LAION told 404 Media that they were removing the dataset “temporarily” in order to remove the CSAM content the researchers identified. But AI experts say the damage is already done.
“It’s sad but really unsurprising,” Sasha Luccioni, an AI and data ethics researcher at HuggingFace who co-authored the paper with Birhane, told Motherboard. “Pretty much all image generation models used some version of [LAION]. And you can’t remove stuff that’s already been trained on it.”
The issue, said Luccioni, is that these massive troves of data aren’t being properly analyzed before they’re used, and the scale of the datasets makes filtering out unwanted material extremely difficult. In other words, even if LAION manages to remove specific unwanted material after it’s discovered, the sheer size of the data means it’s virtually impossible to ensure you’ve gotten rid of all of it—especially if no one cares enough to even try before a product goes to market.

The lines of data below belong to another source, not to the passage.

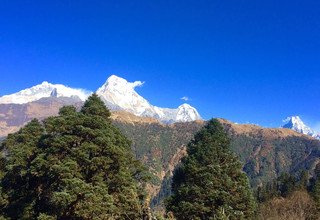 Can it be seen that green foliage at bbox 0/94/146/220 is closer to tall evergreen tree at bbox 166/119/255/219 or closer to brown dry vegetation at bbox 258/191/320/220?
tall evergreen tree at bbox 166/119/255/219

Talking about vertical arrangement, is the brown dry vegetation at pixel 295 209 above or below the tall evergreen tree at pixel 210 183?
below

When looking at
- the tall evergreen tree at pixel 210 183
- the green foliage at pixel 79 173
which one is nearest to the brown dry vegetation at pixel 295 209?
the tall evergreen tree at pixel 210 183

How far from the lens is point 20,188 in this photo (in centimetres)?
4662

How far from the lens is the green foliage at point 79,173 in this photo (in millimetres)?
34031

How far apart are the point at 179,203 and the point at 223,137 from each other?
9855 mm

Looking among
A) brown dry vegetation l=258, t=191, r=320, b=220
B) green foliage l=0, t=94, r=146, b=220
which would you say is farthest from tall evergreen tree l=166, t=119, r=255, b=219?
brown dry vegetation l=258, t=191, r=320, b=220

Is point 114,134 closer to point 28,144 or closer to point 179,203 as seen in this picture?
point 179,203

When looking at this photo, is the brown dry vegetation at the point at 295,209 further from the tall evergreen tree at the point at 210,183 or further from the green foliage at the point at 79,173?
the green foliage at the point at 79,173

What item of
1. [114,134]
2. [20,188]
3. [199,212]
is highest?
[114,134]

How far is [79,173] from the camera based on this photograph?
36062 millimetres

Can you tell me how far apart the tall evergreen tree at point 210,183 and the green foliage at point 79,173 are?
5132mm

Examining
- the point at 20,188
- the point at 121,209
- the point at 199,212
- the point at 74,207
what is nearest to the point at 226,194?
the point at 199,212

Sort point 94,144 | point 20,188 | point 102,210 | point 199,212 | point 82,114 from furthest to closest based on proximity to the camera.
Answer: point 20,188, point 199,212, point 82,114, point 94,144, point 102,210

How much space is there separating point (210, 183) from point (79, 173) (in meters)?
A: 14.5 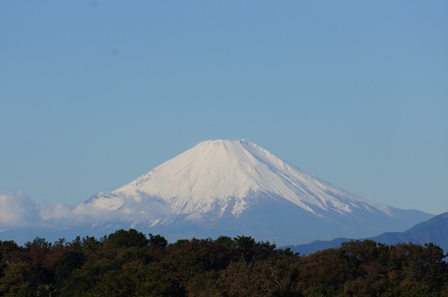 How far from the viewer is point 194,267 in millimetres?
74438

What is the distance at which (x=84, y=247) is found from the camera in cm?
9038

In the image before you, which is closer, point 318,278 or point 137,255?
point 318,278

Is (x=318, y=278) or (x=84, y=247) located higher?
(x=84, y=247)

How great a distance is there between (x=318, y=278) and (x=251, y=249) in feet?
49.2

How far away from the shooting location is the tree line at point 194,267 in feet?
190

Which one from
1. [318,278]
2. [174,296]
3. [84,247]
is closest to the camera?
[174,296]

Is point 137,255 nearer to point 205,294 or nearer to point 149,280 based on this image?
point 149,280

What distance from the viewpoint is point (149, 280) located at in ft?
180

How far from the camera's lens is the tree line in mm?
58031

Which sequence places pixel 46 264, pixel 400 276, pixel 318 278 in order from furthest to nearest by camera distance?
1. pixel 46 264
2. pixel 400 276
3. pixel 318 278

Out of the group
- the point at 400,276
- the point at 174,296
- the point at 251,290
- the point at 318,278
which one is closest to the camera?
the point at 251,290

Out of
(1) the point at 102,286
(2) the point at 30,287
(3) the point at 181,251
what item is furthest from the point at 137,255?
(1) the point at 102,286

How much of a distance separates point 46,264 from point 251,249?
15.2 m

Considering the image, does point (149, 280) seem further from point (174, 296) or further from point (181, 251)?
point (181, 251) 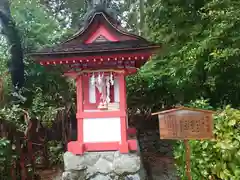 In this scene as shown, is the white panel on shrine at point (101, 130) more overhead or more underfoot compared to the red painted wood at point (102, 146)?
more overhead

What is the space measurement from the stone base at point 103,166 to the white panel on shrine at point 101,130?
0.35m

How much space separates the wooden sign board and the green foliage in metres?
0.20

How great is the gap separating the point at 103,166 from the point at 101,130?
832 mm

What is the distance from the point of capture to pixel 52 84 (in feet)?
30.4

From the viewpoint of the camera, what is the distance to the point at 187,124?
351 cm

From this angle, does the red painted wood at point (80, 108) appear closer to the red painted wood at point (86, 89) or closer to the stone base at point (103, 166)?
the red painted wood at point (86, 89)

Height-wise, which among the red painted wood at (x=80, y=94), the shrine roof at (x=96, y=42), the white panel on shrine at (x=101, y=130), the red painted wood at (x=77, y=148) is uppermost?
the shrine roof at (x=96, y=42)

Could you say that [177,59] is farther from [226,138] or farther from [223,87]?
[226,138]

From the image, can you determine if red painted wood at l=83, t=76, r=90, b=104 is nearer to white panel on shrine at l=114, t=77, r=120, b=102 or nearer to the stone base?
white panel on shrine at l=114, t=77, r=120, b=102

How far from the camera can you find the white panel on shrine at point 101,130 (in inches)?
236

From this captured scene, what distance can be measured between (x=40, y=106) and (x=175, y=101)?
4.81 meters

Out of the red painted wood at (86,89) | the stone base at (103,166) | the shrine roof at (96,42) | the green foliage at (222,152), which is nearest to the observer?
the green foliage at (222,152)

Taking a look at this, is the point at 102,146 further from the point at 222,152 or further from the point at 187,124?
the point at 222,152

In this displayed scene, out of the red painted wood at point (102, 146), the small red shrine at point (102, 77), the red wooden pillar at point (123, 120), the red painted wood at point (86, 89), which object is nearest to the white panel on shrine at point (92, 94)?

“Nobody wants to work on data because it’s not sexy,” said Luccioni. “Nobody appreciates data work. Everyone just wants to make models go brrr.” ("Go brrr" is a meme referring to a hypothetical money-printing machine).
AI ethics researchers have warned for years about the dangers of AI models and datasets that contain racist and sexist text and images pulled from the internet, with study after study demonstrating how these biases result in automated systems that replicate and amplify discrimination in areas such as healthcare, housing, and policing. The LAION dataset is another example of this “garbage-in, garbage-out” dynamic, where datasets filled with explicit, illegal or offensive material become entrenched in the AI pipeline, resulting in products and software that inherit all of the same issues and biases.
These harms can be mitigated by fine-tuning systems after the fact, to try and prevent them from generating harmful or unwanted outputs. But researchers like Luccioni warn that these technological tweaks don’t actually address the root cause of the problem.
“I think we need to rethink the way we collect and use datasets in AI, fundamentally,” said Luccioni. “Otherwise it’s just technological fixes that don’t solve the underlying issue.”